She was like: "That's the song we're going to teach the student." We all got teary eyed. It's just a great mixing of cultures, too. This song from a totally different time period and place in the world is going to be taught to this young Dominican girl in the Bronx to be played for this older Polish man.

AKT: A shot that got to me is near the end when you just show the instruments in their cases. There is another linkage to the Holocaust that came to mind. Did you place it for that reason?

KC: It's like the second to last shot. To be honest, my original intention is to say this is one of many instruments and they all have deep stories. Each of those instruments equals a small act of generosity that can change someone's life. Of course, I can imagine when you think of some of those iconic photographs of the Holocaust where you have multiple piles of belongings. I could see how that would harken that.
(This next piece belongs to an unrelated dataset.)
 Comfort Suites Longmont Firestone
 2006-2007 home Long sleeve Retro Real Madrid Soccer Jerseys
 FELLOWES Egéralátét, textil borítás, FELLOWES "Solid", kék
"Brianna used Joe's violin to audition for performing arts high schools and she got into her first choice which is Talent Unlimited."
"Brianna used Joe's violin to audition for performing arts high schools and she got into her first choice which is Talent Unlimited."

AKT: Yes, because the film does bring up that he lost his mother and little brother in Treblinka and that his other brother survived Auschwitz.
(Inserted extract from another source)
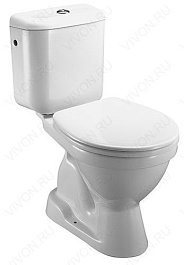 Jika Унитаз-Компакт "Lyra" – фотография-1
KC: I hadn't actually thought of linking it to those images but it makes sense.

AKT: Did you see Brad Allgood and Graham Townsley's Landfill Harmonic?

KC: I haven't yet. So many people have mentioned it to me. I need to see it. I've heard it's absolutely wonderful.
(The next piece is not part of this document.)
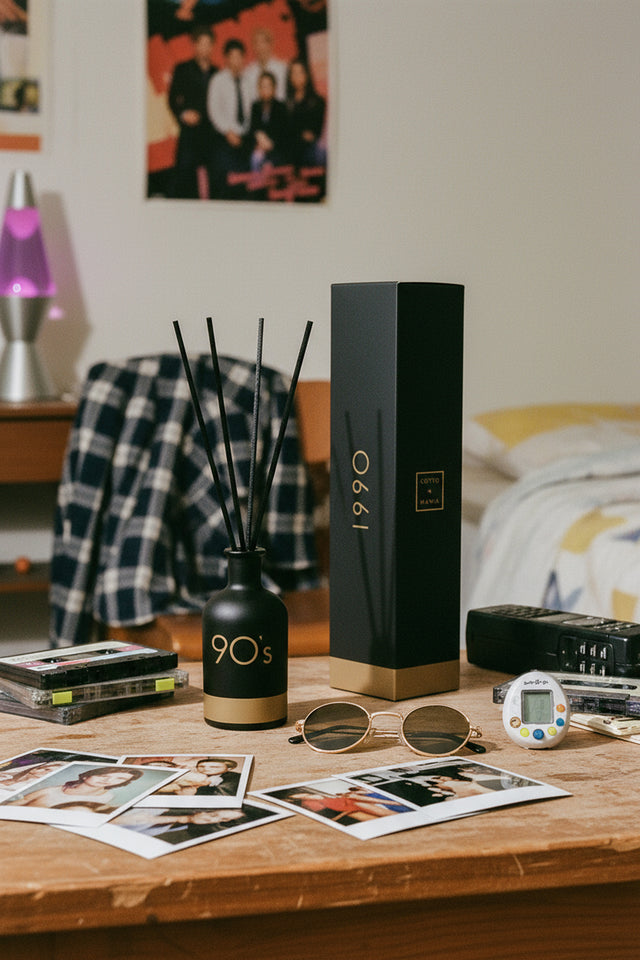 WooW 1990 - Room Fragrance, Extra Long-Lasting, Stick 100 ml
AKT: It is. I did the post screening discussion with them and they gave a little concert as well. The idea that they play on instruments made out of garbage from a landfill in Paraguay can completely change lives. There is also the idea of objects that continue on and link people - I talked about that last week in the context of Cezanne et moi with the actor Guillaume Gallienne, who also played Pierre Bergé in Yves Saint Laurent. Bergé said something along the lines that we don't really own objects, the objects just stay with us for a while and then continue on.

KC: It's true. And we never know. Who had the violin before Joseph? It was bought in a black market flea market in Germany. It was no questions asked. It may well have belonged to someone who perished in the Holocaust. The nice thing is, the instrument will stay in the school forever. It's passed down to a new girl once Brianna graduated. Brianna did graduate and it's passed down to a girl named Nya [Paulino] and she's absolutely lovely and Joseph got to meet her. We all just celebrated his 94th birthday together.

Joe's Violin poster
Joe's Violin poster

AKT: The film touched so many different people. Raphaela came on board as producer.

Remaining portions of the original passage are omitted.